• [WORK ORDER] Please set down, unchanged, each line from the one with "Produktbild von vidaXL" to the final line of the data below, both included. Drop the pictures.

• [SUPPLIED MATERIAL]
= = = = =

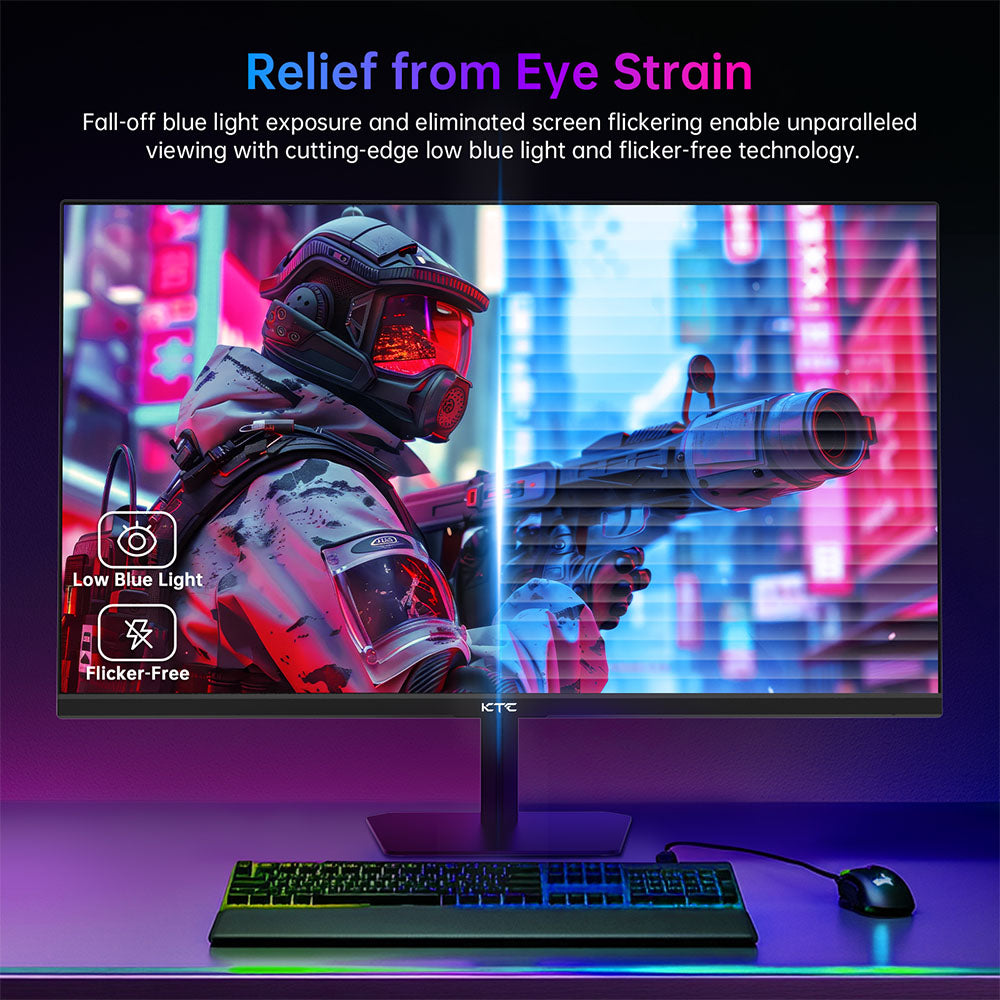 KTC H24F8 Gaming Monitor, 23.8'' 1920*1080 16:9 Fast IPS Screen, 180Hz Refresh Rate, 1ms Response Time, 1000:1 Contrast Ratio, HDR10, 135% sRGB, Adaptive-Sync, Dynamic Action Sync, Game Assist, Low Blue Light &amp; Flicker-Free, VESA Mount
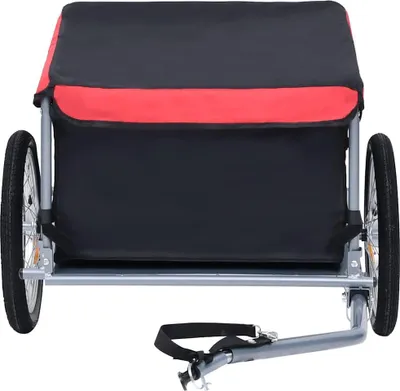 Produktbild von vidaXL Fahrradanhänger Schwarz und Rot 65 kg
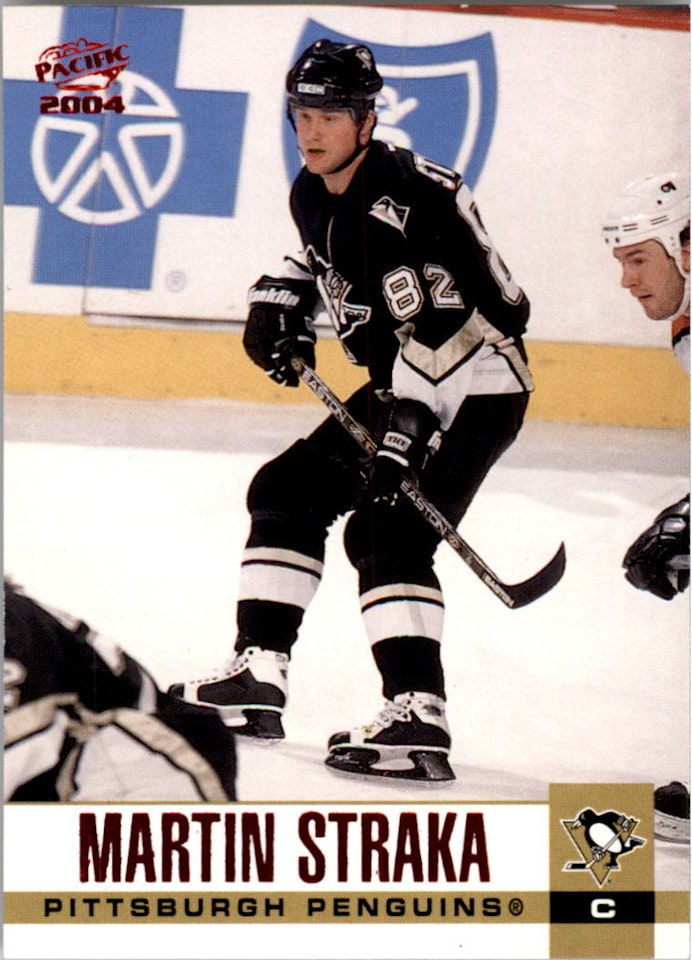 2003-04 Pacific Red #276 Martin Straka (10-96x1-PENGUINS)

= = = = =

• [WORKED SOLUTION]
 Produktbild von vidaXL Fahrradanhänger Schwarz und Rot 65 kg
 2003-04 Pacific Red #276 Martin Straka (10-96x1-PENGUINS)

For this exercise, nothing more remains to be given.